**Task description**.
In the data below, find the line containing "Eisenhower's Lieutenants" and the line containing "Translation-Driven Corpora : Corpus", then reproduce them and every line between, exactly. Omit pictures.
--- Study material Enclosed Below ---
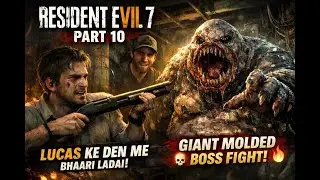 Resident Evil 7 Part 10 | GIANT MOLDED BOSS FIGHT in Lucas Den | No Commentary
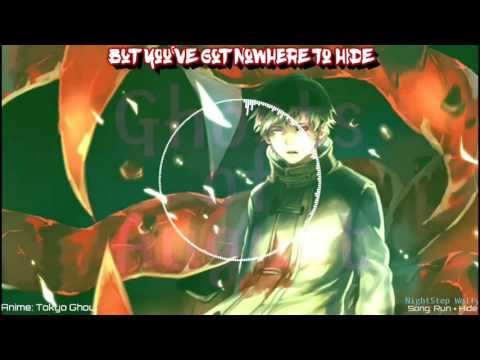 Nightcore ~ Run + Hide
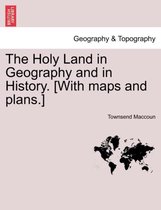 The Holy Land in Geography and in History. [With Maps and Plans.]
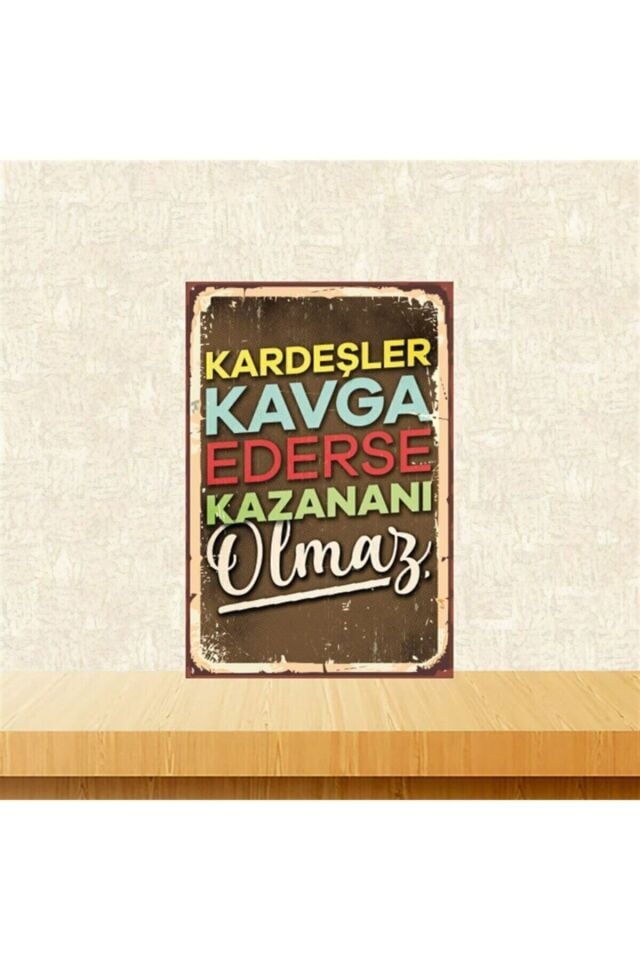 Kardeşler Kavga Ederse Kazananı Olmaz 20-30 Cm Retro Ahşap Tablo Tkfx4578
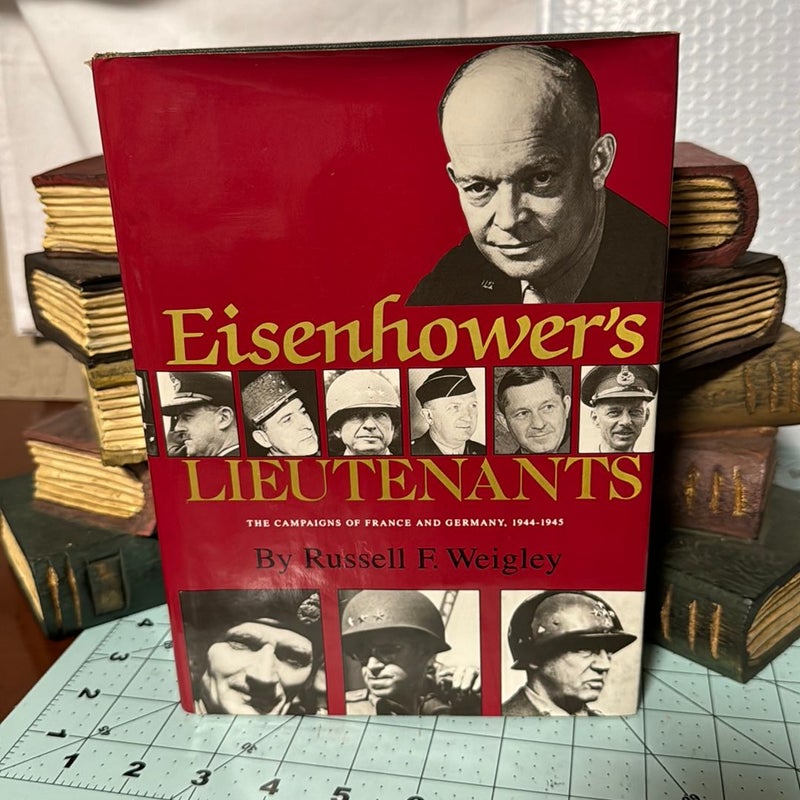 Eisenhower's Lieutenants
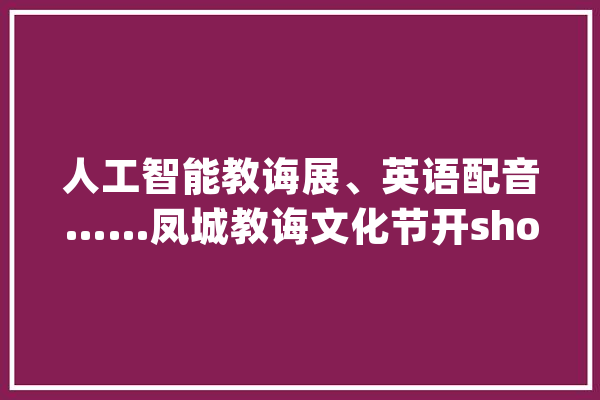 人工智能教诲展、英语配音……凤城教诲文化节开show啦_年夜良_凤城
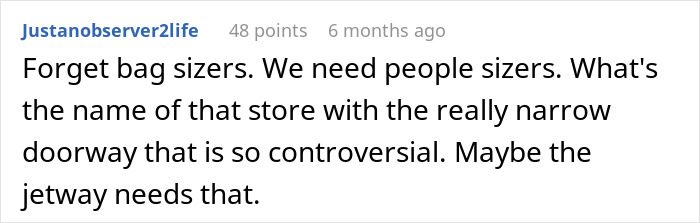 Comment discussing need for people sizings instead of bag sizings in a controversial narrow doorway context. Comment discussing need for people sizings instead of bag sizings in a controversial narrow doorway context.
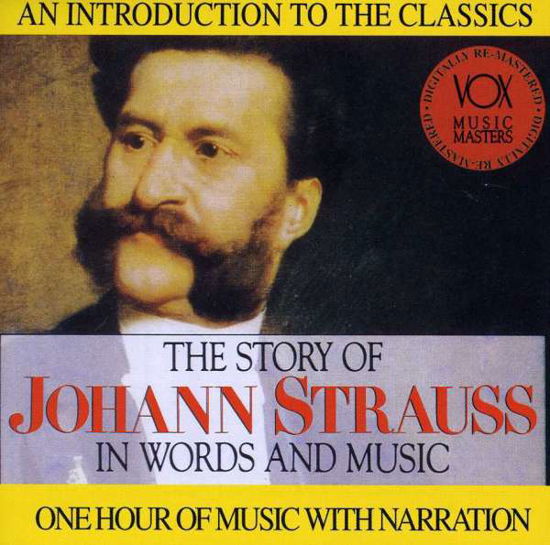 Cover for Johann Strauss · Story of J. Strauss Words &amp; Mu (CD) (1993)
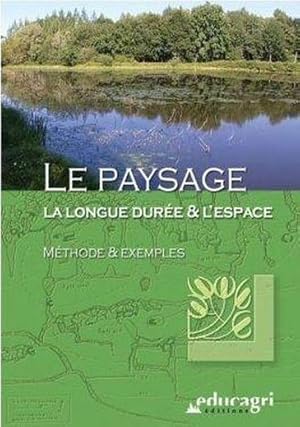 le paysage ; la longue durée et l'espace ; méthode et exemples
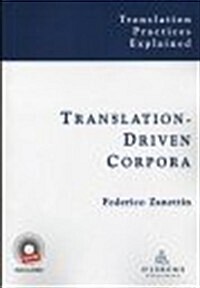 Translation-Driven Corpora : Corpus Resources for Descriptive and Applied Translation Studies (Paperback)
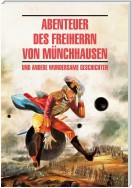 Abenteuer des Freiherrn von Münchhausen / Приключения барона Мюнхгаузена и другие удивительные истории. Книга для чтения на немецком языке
--- End of Enclosed Study material ---
**Response below**.
 Eisenhower's Lieutenants
 人工智能教诲展、英语配音……凤城教诲文化节开show啦_年夜良_凤城
 Comment discussing need for people sizings instead of bag sizings in a controversial narrow doorway context. Comment discussing need for people sizings instead of bag sizings in a controversial narrow doorway context.
 Cover for Johann Strauss · Story of J. Strauss Words &amp; Mu (CD) (1993)
 le paysage ; la longue durée et l'espace ; méthode et exemples
 Translation-Driven Corpora : Corpus Resources for Descriptive and Applied Translation Studies (Paperback)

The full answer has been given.